Disclaimer: What I am about to say is a general rule of the thumb, there are exceptions.
In short: Linear space is more useful for computer vision while non-linear space is more useful for showing the final image to humans, without outputing a quantitative analysis.
This highly depends on your problem.
Linear space is more related to physical measurements. Thus, thresholding in it is more natural when you are dealing with measurements such as: counting instances, location of objects, etc. Noise behaves in a predictable way - variance of the signal is linearly dependent on the mean value of the signal. There are many other properties that make your algorithms more straightforward and easier to implement. Among other things, when you are selecting a threshold, you can use the linearity of the signal.
On the other hand, the non-linear space is more related to human perception of light intensity.

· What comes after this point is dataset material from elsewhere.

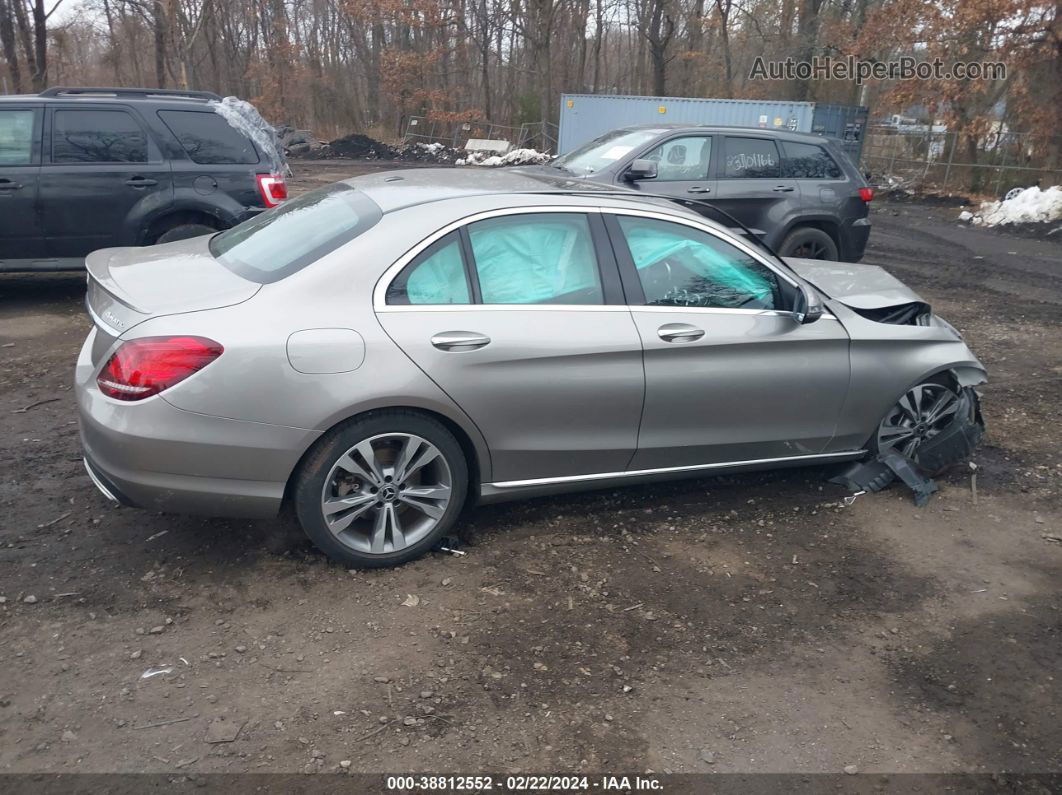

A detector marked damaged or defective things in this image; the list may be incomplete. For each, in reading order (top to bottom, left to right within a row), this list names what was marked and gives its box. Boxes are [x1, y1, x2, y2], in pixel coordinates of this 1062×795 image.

broken headlight area [845, 301, 930, 324]
detached bumper piece on ground [828, 388, 985, 505]
broken headlight area [828, 386, 985, 509]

Thus, it is more suited for image processing problems in which there is no measurement, but rather showing a good image to the observer, or measuring something in a way that humans do.
Linear space -
Counting cells in microscopic images, finding defects in a wafer, tracking cars on a road. (Some image processing operations must be done in linear space due to the physics of the process involved, but the final image is almost always in non-linear domain)
Non-Linear space - Performing image processing pixel crunching operations to show a nice image on your tablet, attempting to find defects on a carpet texture, performing image segmentation of medical images in order to assist a human interpreting a scene.